Items from a data source

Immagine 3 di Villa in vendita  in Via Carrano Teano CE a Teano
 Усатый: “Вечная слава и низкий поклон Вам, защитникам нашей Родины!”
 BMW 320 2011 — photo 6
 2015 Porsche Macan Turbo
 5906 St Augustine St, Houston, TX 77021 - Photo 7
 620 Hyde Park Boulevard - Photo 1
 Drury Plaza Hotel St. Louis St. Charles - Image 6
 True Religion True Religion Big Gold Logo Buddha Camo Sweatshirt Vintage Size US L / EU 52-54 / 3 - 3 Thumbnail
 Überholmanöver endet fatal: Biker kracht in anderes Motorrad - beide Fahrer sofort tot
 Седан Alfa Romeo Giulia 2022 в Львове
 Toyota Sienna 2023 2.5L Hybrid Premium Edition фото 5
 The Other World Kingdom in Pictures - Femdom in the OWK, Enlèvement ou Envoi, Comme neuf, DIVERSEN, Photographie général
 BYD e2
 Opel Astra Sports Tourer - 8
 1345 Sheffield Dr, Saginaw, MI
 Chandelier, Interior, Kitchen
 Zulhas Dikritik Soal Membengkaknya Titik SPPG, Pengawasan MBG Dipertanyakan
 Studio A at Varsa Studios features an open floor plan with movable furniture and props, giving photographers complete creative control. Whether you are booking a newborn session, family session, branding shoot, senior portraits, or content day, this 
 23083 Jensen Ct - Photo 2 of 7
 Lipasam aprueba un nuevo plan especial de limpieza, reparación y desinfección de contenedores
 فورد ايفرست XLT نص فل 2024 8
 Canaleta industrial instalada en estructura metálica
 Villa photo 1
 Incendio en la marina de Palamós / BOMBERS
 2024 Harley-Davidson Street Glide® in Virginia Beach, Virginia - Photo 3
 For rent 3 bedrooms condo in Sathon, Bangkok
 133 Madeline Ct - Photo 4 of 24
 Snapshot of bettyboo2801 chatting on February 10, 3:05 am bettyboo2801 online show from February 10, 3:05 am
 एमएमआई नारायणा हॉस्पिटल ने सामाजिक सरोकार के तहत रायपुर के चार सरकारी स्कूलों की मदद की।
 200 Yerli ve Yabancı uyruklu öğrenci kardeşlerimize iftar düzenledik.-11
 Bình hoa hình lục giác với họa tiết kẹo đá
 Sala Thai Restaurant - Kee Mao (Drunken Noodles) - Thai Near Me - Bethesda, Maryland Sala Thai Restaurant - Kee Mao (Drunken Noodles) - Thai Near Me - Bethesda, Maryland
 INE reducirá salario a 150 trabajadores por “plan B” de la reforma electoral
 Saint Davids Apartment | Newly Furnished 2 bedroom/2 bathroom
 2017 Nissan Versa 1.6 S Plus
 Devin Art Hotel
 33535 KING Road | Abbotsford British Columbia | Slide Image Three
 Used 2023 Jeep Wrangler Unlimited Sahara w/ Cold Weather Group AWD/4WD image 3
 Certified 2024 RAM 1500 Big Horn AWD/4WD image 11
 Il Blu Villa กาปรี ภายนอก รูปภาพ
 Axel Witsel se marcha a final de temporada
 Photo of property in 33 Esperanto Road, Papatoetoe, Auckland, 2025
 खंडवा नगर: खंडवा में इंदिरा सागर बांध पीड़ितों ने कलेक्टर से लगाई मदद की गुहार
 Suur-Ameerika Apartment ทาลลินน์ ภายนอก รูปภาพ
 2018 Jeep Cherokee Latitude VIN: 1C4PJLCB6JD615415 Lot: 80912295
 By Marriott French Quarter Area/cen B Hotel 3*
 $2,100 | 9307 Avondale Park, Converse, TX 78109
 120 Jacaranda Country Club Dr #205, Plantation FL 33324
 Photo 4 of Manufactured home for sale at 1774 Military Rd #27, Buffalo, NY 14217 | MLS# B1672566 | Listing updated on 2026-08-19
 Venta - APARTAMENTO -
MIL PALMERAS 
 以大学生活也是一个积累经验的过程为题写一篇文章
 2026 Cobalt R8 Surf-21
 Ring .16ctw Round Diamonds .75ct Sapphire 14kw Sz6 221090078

◆ WHAT IS EXPECTED
None of the records may be omitted; each is to be printed exactly.

◆ RESULT OF THE EXERCISE
Immagine 3 di Villa in vendita  in Via Carrano Teano CE a Teano
 Усатый: “Вечная слава и низкий поклон Вам, защитникам нашей Родины!”
 BMW 320 2011 — photo 6
 2015 Porsche Macan Turbo
 5906 St Augustine St, Houston, TX 77021 - Photo 7
 620 Hyde Park Boulevard - Photo 1
 Drury Plaza Hotel St. Louis St. Charles - Image 6
 True Religion True Religion Big Gold Logo Buddha Camo Sweatshirt Vintage Size US L / EU 52-54 / 3 - 3 Thumbnail
 Überholmanöver endet fatal: Biker kracht in anderes Motorrad - beide Fahrer sofort tot
 Седан Alfa Romeo Giulia 2022 в Львове
 Toyota Sienna 2023 2.5L Hybrid Premium Edition фото 5
 The Other World Kingdom in Pictures - Femdom in the OWK, Enlèvement ou Envoi, Comme neuf, DIVERSEN, Photographie général
 BYD e2
 Opel Astra Sports Tourer - 8
 1345 Sheffield Dr, Saginaw, MI
 Chandelier, Interior, Kitchen
 Zulhas Dikritik Soal Membengkaknya Titik SPPG, Pengawasan MBG Dipertanyakan
 Studio A at Varsa Studios features an open floor plan with movable furniture and props, giving photographers complete creative control. Whether you are booking a newborn session, family session, branding shoot, senior portraits, or content day, this 
 23083 Jensen Ct - Photo 2 of 7
 Lipasam aprueba un nuevo plan especial de limpieza, reparación y desinfección de contenedores
 فورد ايفرست XLT نص فل 2024 8
 Canaleta industrial instalada en estructura metálica
 Villa photo 1
 Incendio en la marina de Palamós / BOMBERS
 2024 Harley-Davidson Street Glide® in Virginia Beach, Virginia - Photo 3
 For rent 3 bedrooms condo in Sathon, Bangkok
 133 Madeline Ct - Photo 4 of 24
 Snapshot of bettyboo2801 chatting on February 10, 3:05 am bettyboo2801 online show from February 10, 3:05 am
 एमएमआई नारायणा हॉस्पिटल ने सामाजिक सरोकार के तहत रायपुर के चार सरकारी स्कूलों की मदद की।
 200 Yerli ve Yabancı uyruklu öğrenci kardeşlerimize iftar düzenledik.-11
 Bình hoa hình lục giác với họa tiết kẹo đá
 Sala Thai Restaurant - Kee Mao (Drunken Noodles) - Thai Near Me - Bethesda, Maryland Sala Thai Restaurant - Kee Mao (Drunken Noodles) - Thai Near Me - Bethesda, Maryland
 INE reducirá salario a 150 trabajadores por “plan B” de la reforma electoral
 Saint Davids Apartment | Newly Furnished 2 bedroom/2 bathroom
 2017 Nissan Versa 1.6 S Plus
 Devin Art Hotel
 33535 KING Road | Abbotsford British Columbia | Slide Image Three
 Used 2023 Jeep Wrangler Unlimited Sahara w/ Cold Weather Group AWD/4WD image 3
 Certified 2024 RAM 1500 Big Horn AWD/4WD image 11
 Il Blu Villa กาปรี ภายนอก รูปภาพ
 Axel Witsel se marcha a final de temporada
 Photo of property in 33 Esperanto Road, Papatoetoe, Auckland, 2025
 खंडवा नगर: खंडवा में इंदिरा सागर बांध पीड़ितों ने कलेक्टर से लगाई मदद की गुहार
 Suur-Ameerika Apartment ทาลลินน์ ภายนอก รูปภาพ
 2018 Jeep Cherokee Latitude VIN: 1C4PJLCB6JD615415 Lot: 80912295
 By Marriott French Quarter Area/cen B Hotel 3*
 $2,100 | 9307 Avondale Park, Converse, TX 78109
 120 Jacaranda Country Club Dr #205, Plantation FL 33324
 Photo 4 of Manufactured home for sale at 1774 Military Rd #27, Buffalo, NY 14217 | MLS# B1672566 | Listing updated on 2026-08-19
 Venta - APARTAMENTO -
MIL PALMERAS 
 以大学生活也是一个积累经验的过程为题写一篇文章
 2026 Cobalt R8 Surf-21
 Ring .16ctw Round Diamonds .75ct Sapphire 14kw Sz6 221090078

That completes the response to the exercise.